Ménashé Amir la voix perse d’Israël

 

 

 

Né en 1939 à Téhéran, Ménashé Amir immigre en Israël en 1959 par sionisme, « pour vivre dans un pays jeune, moderne, démocrate et qui est à nous ». Il commence à travailler à la radio publique israélienne, Kol Israël, en 1960. Il est responsable du département « Parsi » de 1984 à 2004. Le programme en perse, émis 7 jours sur 7 vers l’Iran, compte, selon les jours, deux à six millions d’auditeurs, surtout des opposants au régime. Amir reste la voix la plus connue d’Israël en Iran.

 

 

Quel est l’objectif du Président Ahmadinejad ? Le premier objectif du pouvoir iranien actuel est l’expansion territoriale régionale; son but final est de rétablir le Califat, un empire islamique mais cette fois sous un pouvoir chiite et non sunnite. La bombe est un moyen de montrer que les Iraniens sont les vrais musulmans, ceux qui ont le pouvoir. Presque toutes les semaines, Ahmadinejad déclare : « Nous devons prendre le contrôle du monde entier ». L’objectif est d’exporter la Révolution islamique d’abord dans les pays musulmans et ensuite dans les autres pays. Le vrai combat est contre le christianisme. Mais ils considèrent Israël comme la tête de pont des cultures occidentales et le judaïsme comme la base des croyants chrétiens.

 

Quel est l’avenir du pouvoir iranien ? Soit le régime s’écroule de l’intérieur, soit ce qui est plus probable, les Gardiens de la Révolution renforcent leur pouvoir. La plupart des ayatollahs ont déjà été mis sur la touche. Et les Gardiens de la Révolution (Pasdaran) ont pris toutes les commandes du pouvoir politique, économique et judiciaire. Je dirais que
60% des Iraniens sont opposés au régime actuel. Soutenus par l’extérieur, ils sont prêts à poursuivre le combat. Par ailleurs, l’Iran est entouré de minorités ethniques susceptibles de prendre les armes mais qui ont, elles aussi, besoin d’un soutien externe.

 

Selon vous, l’Iran est-il prêt à lancer une bombe nucléaire sur Israël ? Je pense que l’Iran doit encore résoudre des obstacles technologiques avant de pouvoir fabriquer la bombe.

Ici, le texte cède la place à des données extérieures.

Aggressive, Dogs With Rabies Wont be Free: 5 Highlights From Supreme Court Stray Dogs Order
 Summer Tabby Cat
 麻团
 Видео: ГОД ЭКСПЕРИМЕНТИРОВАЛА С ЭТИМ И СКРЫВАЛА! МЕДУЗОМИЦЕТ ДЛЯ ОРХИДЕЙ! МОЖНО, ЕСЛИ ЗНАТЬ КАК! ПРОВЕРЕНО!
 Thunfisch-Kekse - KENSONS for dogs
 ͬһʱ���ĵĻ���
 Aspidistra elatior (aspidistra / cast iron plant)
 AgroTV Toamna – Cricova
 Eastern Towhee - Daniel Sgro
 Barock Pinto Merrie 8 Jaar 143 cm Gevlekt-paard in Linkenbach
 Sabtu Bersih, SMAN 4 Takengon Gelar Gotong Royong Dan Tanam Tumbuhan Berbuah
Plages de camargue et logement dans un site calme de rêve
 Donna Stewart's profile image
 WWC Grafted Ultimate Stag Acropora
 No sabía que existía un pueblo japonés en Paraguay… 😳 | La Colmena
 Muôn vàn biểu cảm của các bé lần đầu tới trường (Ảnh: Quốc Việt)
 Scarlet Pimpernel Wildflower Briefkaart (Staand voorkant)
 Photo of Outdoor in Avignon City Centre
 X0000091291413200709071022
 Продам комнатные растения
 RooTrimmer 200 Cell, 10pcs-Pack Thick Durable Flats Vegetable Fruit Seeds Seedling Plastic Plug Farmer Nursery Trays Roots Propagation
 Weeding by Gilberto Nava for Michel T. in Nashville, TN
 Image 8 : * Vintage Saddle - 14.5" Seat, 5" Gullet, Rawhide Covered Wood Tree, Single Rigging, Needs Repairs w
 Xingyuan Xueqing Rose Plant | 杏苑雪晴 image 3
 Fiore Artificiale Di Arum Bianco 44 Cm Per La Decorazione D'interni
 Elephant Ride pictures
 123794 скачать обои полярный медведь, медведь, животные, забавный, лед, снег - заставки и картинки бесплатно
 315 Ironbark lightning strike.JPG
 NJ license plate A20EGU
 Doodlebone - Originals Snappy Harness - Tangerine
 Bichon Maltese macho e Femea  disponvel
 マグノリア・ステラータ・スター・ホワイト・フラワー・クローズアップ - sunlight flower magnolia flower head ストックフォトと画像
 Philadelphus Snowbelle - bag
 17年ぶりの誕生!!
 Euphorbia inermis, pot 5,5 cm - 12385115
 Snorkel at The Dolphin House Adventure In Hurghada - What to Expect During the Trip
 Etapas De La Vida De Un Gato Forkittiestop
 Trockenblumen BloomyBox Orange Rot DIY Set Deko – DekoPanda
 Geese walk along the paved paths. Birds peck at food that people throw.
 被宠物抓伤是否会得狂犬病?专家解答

Je ne crois pas qu’ils utiliseront la bombe contre Israël ou l’Occident mais face à un pouvoir qui se sent investi d’une mission messianique, on ne peut jamais savoir.

 

 

En chiffres

 

 

- 80.000 Juifs iraniens en Iran avant la Révolution, 17.000 aujourd’hui notamment à Téhéran, Chiraz (5.000), Ispahan (2.000)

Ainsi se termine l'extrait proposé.